Oddbean new post about login | logout If that happens you're screwed anyway. A compromised HWW might as well contain a radio transmitter. We need better tamper-proof seals.
That’s not a scalable attack. In that model the attacker has to be kinda nearby when you use the HWW.
Ever heard of GSM?
I wonder how you would pull that off. How small is the smallest GSM and how would it know when to strike as GSM is quite detectable. If it blares out its presence on every power-up, that hardware would make the news in a week. So ... scaling is a problem with GSM, too.
I don't know how small GSM is today but I know that ten years ago the smallest widely available wifi module was around 100 times larger and 10 times costlier than today. So it migh become feasible in the future. There are other radio communication protocols as well.

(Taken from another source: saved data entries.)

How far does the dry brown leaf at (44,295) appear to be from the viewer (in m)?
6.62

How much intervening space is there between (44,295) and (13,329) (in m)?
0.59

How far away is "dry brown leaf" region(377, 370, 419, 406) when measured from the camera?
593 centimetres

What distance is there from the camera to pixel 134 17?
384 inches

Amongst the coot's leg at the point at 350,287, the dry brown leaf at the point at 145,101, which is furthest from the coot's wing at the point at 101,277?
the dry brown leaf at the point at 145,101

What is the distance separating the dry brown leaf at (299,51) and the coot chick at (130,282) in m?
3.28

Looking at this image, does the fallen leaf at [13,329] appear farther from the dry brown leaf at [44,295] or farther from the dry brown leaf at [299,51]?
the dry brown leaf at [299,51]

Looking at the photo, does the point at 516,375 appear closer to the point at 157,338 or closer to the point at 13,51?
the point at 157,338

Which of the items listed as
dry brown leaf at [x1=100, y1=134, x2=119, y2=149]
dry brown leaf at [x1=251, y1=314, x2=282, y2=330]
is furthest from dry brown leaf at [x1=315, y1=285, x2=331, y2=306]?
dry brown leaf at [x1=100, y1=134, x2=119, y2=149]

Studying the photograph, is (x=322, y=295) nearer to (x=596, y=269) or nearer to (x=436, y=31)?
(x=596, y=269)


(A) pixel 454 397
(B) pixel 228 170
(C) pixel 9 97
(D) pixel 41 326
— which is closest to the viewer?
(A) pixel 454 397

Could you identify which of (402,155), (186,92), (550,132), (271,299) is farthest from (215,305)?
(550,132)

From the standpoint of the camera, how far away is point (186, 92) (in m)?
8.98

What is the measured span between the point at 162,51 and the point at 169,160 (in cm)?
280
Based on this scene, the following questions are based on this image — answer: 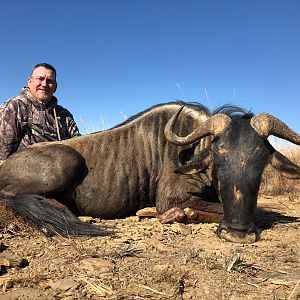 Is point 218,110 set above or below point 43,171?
above

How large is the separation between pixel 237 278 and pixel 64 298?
103 cm

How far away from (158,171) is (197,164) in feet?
2.55

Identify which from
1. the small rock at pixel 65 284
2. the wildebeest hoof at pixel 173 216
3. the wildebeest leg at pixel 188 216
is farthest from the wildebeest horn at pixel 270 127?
the small rock at pixel 65 284

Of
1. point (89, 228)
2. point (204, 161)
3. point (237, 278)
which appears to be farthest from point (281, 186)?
point (237, 278)

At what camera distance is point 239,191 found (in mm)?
3596

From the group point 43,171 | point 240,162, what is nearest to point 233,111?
point 240,162

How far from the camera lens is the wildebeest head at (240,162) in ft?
11.7

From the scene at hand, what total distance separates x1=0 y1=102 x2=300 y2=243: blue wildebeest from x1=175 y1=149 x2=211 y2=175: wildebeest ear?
0.01 m

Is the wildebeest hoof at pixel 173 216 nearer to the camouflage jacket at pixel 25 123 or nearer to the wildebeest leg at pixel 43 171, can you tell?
the wildebeest leg at pixel 43 171

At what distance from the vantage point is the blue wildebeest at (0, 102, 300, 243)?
364 cm

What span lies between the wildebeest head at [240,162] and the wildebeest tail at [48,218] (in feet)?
3.64

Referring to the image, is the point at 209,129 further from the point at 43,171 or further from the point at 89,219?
the point at 43,171

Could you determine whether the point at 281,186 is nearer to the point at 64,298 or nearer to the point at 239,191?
the point at 239,191

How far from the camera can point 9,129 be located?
5.52m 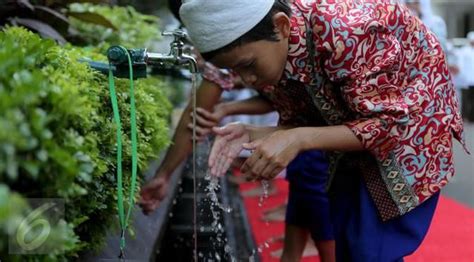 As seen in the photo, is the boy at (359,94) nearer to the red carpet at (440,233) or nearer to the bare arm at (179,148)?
the bare arm at (179,148)

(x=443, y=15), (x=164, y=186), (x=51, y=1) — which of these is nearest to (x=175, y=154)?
(x=164, y=186)

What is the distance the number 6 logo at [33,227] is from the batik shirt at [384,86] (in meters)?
1.18

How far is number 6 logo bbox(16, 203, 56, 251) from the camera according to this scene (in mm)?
1584

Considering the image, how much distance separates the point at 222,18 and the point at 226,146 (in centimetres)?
63

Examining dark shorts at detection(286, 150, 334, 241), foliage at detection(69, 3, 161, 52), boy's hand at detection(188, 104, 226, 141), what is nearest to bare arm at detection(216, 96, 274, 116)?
boy's hand at detection(188, 104, 226, 141)

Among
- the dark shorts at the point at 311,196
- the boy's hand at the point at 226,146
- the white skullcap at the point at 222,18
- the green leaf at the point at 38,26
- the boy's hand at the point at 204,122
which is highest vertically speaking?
the white skullcap at the point at 222,18

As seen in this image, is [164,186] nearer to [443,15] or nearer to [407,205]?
[407,205]

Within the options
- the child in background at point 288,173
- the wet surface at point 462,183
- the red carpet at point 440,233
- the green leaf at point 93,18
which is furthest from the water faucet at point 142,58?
the wet surface at point 462,183

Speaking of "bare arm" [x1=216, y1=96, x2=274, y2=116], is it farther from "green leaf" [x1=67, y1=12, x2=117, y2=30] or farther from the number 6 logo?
the number 6 logo

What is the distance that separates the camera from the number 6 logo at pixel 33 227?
1.58 m

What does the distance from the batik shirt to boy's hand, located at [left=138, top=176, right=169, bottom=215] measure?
975 mm

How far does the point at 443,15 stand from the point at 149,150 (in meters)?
29.4

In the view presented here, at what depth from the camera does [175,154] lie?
12.0 feet

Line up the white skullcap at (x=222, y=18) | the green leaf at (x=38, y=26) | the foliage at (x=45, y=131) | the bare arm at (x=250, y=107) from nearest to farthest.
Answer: the foliage at (x=45, y=131)
the white skullcap at (x=222, y=18)
the green leaf at (x=38, y=26)
the bare arm at (x=250, y=107) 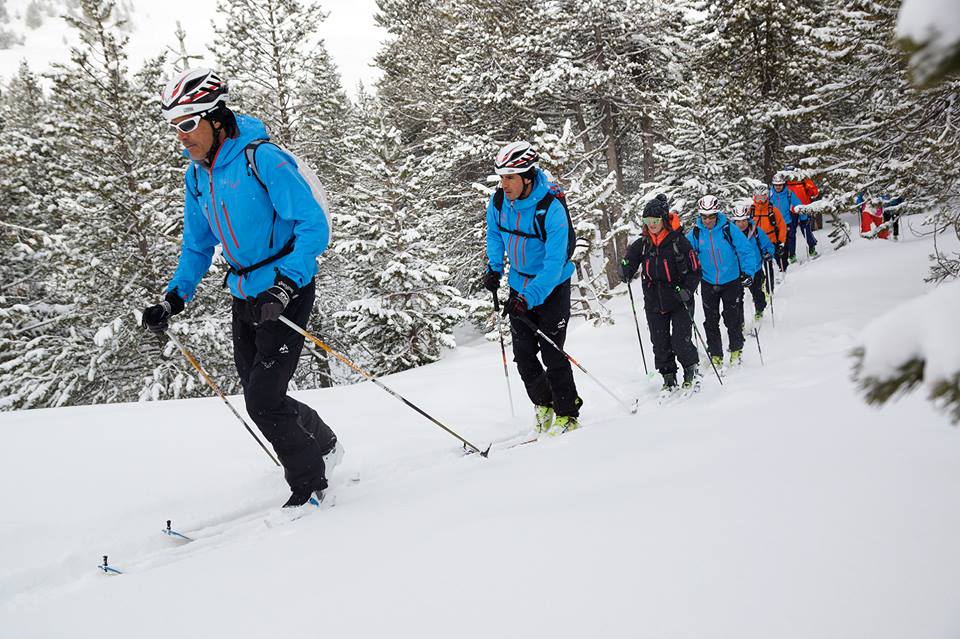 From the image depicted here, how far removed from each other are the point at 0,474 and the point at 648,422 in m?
4.94

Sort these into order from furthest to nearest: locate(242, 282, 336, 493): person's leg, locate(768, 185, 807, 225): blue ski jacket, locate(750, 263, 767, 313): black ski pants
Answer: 1. locate(768, 185, 807, 225): blue ski jacket
2. locate(750, 263, 767, 313): black ski pants
3. locate(242, 282, 336, 493): person's leg

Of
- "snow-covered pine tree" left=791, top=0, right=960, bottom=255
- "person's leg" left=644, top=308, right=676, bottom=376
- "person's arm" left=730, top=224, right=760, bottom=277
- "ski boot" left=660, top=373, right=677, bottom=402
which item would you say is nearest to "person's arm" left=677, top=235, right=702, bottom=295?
"person's leg" left=644, top=308, right=676, bottom=376

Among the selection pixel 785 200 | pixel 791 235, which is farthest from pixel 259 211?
pixel 791 235

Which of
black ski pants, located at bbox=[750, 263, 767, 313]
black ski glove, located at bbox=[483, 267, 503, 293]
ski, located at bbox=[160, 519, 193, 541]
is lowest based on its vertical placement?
black ski pants, located at bbox=[750, 263, 767, 313]

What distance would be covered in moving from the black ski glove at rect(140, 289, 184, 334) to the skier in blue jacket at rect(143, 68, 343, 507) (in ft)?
0.06

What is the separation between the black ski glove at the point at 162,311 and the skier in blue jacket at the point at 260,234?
0.7 inches

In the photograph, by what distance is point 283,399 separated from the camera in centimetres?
379

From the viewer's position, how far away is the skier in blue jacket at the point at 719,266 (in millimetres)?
8312

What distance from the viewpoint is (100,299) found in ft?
49.7

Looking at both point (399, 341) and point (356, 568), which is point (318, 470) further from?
point (399, 341)

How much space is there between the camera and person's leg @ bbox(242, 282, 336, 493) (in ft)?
12.0

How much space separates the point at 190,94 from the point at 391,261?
13.4 meters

You can definitely include a GSM chip for cheap, but now the device board actually looks visually different, which people can identify, even if admittedly relatively few would. Still, if you did this en-masse it’d likely be discovered before too long, whereas a malicious firmware likely would not.
I'm just wondering if something like the AirTag infrastructure could be used for minimal power antennas. By Apple I'm pretty sure the answer is yes. All the phones are spying on us in more ways than we imagine.
In theory, but I’m not sure if you can transmit arbitrary messages over that without being Apple.
The attacker could pretend it's 256 devices and transmit the seed by simply sending or not sending a message. It's not that high number.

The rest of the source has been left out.